Almost a quarter century later, however, it was a seemingly very different Albert Shanker who was eulogized at a ceremony featuring leading dignitaries at the George Washington University in Washington, D.C. President Bill Clinton, using crutches following a recent accident, hobbled to the stage and spoke of Albert Shanker, the head of the national American Federation of Teachers (AFT) from 1974 to 1997, as an educational statesman, a personal "mentor," and "one of the most important teachers of the twentieth century." Clinton lauded Shanker as a champion of equity, recognizing that the education-standards movement Shanker led "was essential for democracy to work," because it "was the only way we could give every child, without regard to their background, a chance to live up to his or her God-given capacity." Senator Daniel Patrick Moynihan, speaking in his idiosyncratic clipped tones, painted Shanker as an intellectual and a gifted writer whose celebrated "Where We Stand" column appeared in the Sunday New York Times. "The impact was extraordinary," Moynihan said. "Union leaders in those days rarely wrote essays, still less felicitous, thoughtful analyses of public policy."
The list of speakers that day--which included Vice President Al Gore and Education Secretary Richard Riley--was evidence that Shanker was a powerful individual, as Woody Allen suggested, but speaker after speaker said Shanker exercised power well and judiciously: to upgrade the teaching profession, to promote democracy abroad, and to improve public education for American schoolchildren.

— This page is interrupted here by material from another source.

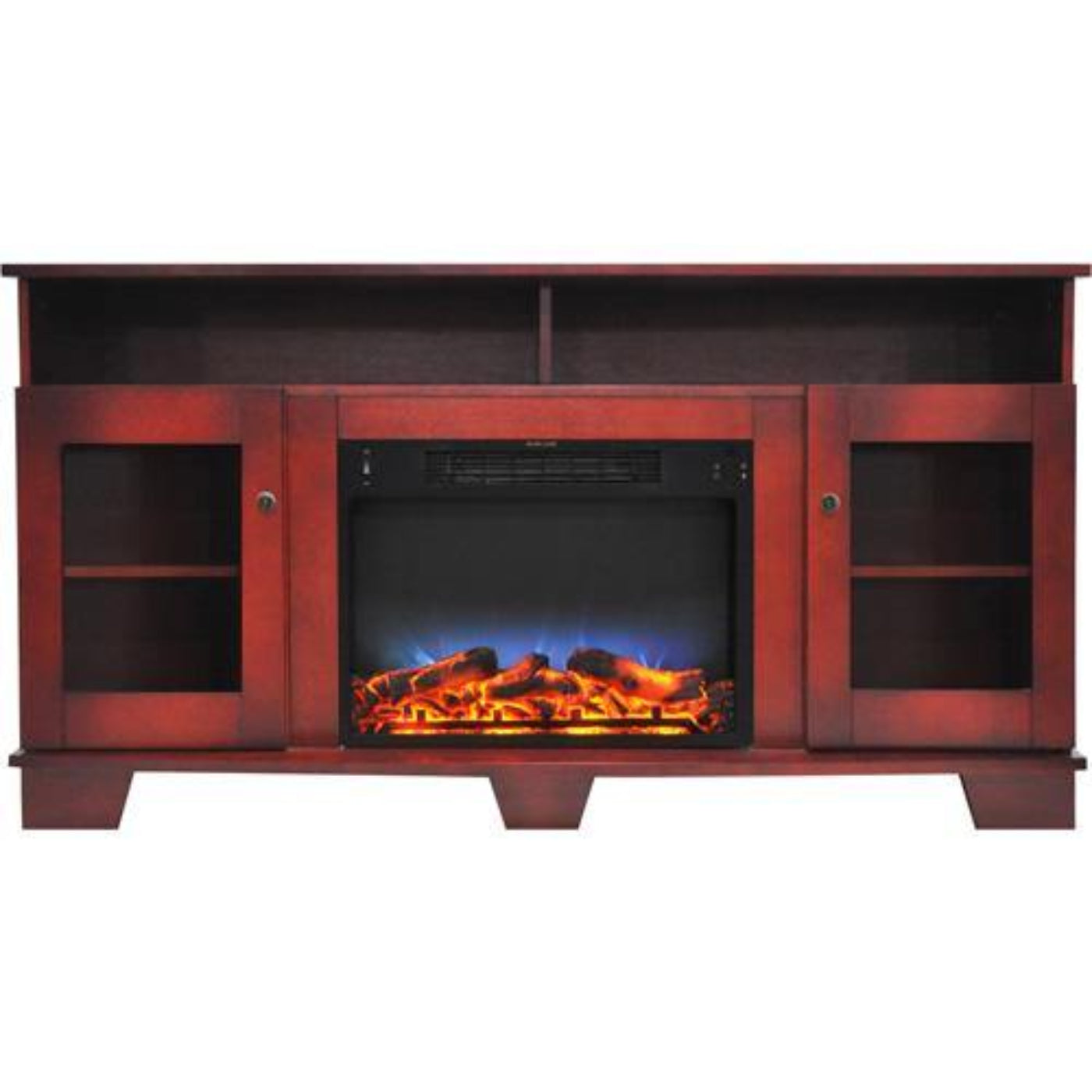 Cambridge Savona 59 In. Electric Fireplace in Cherry with Entertainment Stand and Multi-Color LED Flame Display, - CAM6022-1CHRLED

Some have hypothesized that there were two Albert Shanker's--a "bad Al" and a "good Al." The bad Al was the early, militant teachers' union leader who thirsted for power and poisoned race relations. The good Al came much later and was the statesman who led his union in the direction of education reform, even as parochial elements within the AFT fiercely resisted.

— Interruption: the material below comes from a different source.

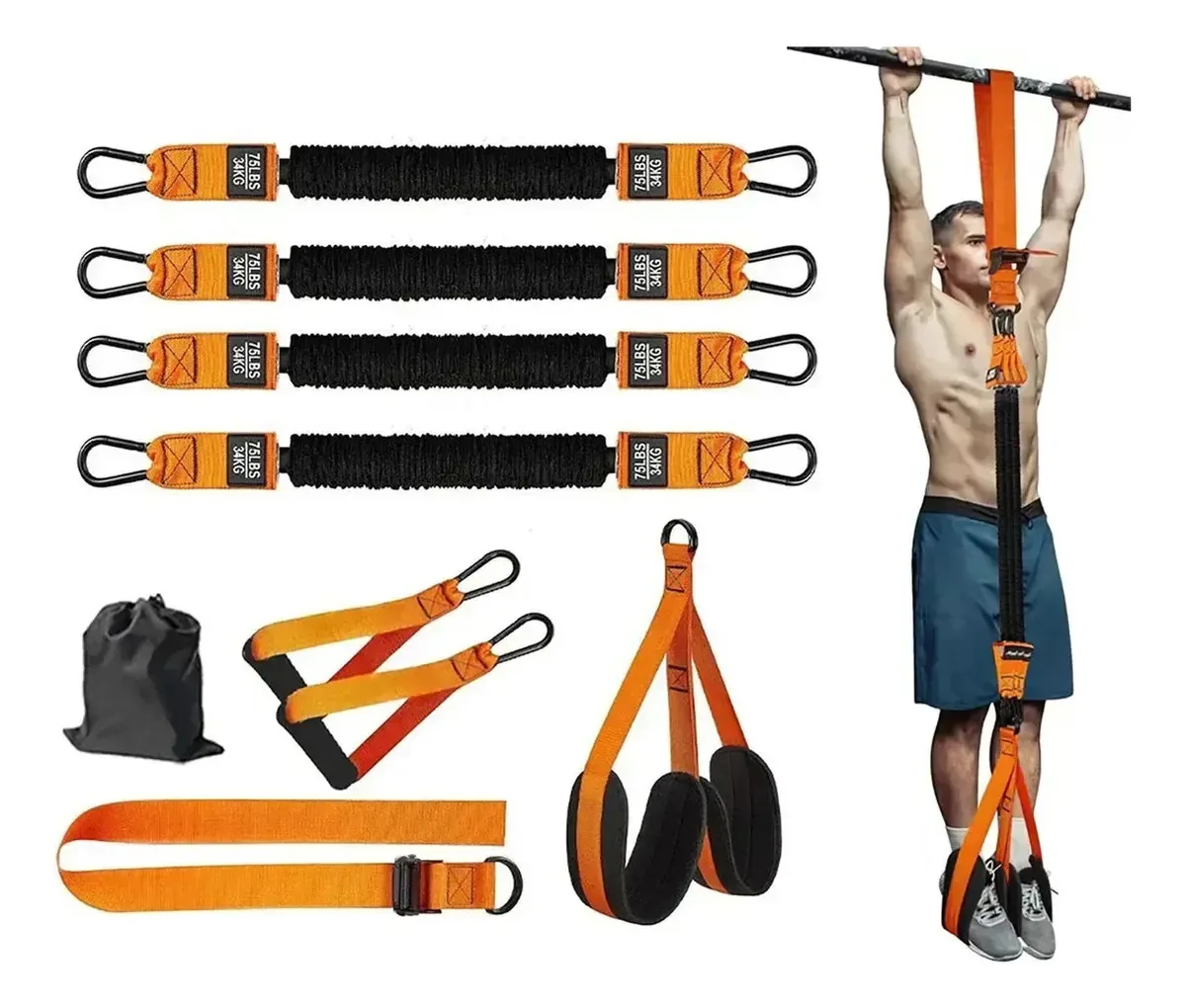 Treino de resistência laranja e faixas de flexão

But the presence of Lorretta Johnson, one of the speakers at the ceremony that day, suggested the story wasn't so simple. A stout African American woman, Johnson was head of the AFT's division of "paraprofessionals," a group of mostly black and Latino teacher aides, many of them former welfare mothers, who were hired with federal money to help in low-income schools beginning in the 1960s.

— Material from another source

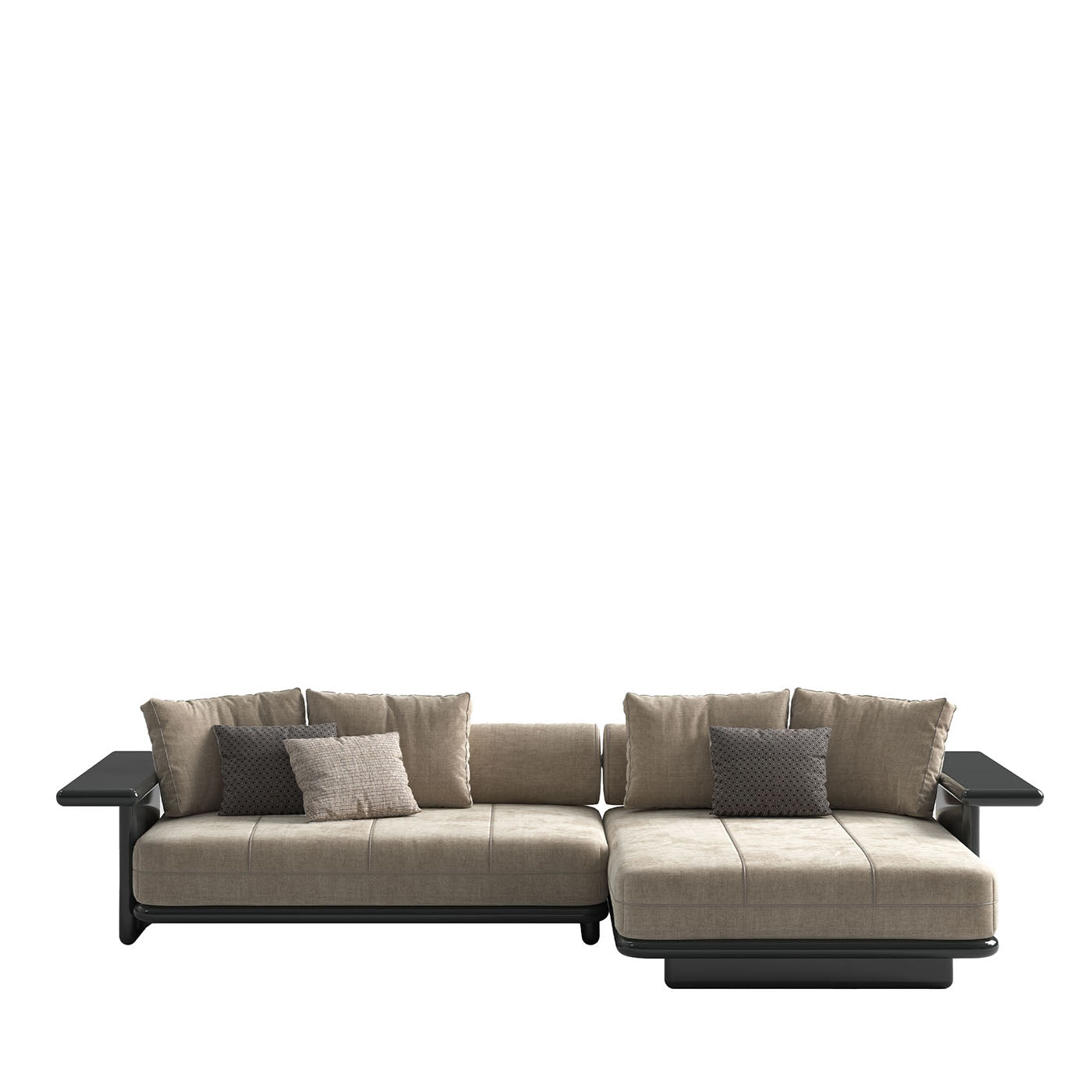 Zeno Modulares Sofa aus Holz und Leder - Hauptansicht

Racial tensions ran high following the 1968 teachers' strike, which centered on the question of whether local black leaders had the right to dismiss tenured unionized white teachers and replace them, often with black teachers, as part of an effort to give ghetto communities greater control over their schools. Shanker was a hero of the white middle class, which backed him for standing up to black militants, but Shanker, who had marched with Martin Luther King Jr. in Selma, wanted to make it clear that the issue was not black versus white, but the right of workers to be treated with dignity. Many of the black teacher aides had crossed the picket lines during the teachers' strike to try to keep schools open. But when Shanker saw the opportunity to organize the "paras," who were making as little as two dollars an hour, he jumped at the chance.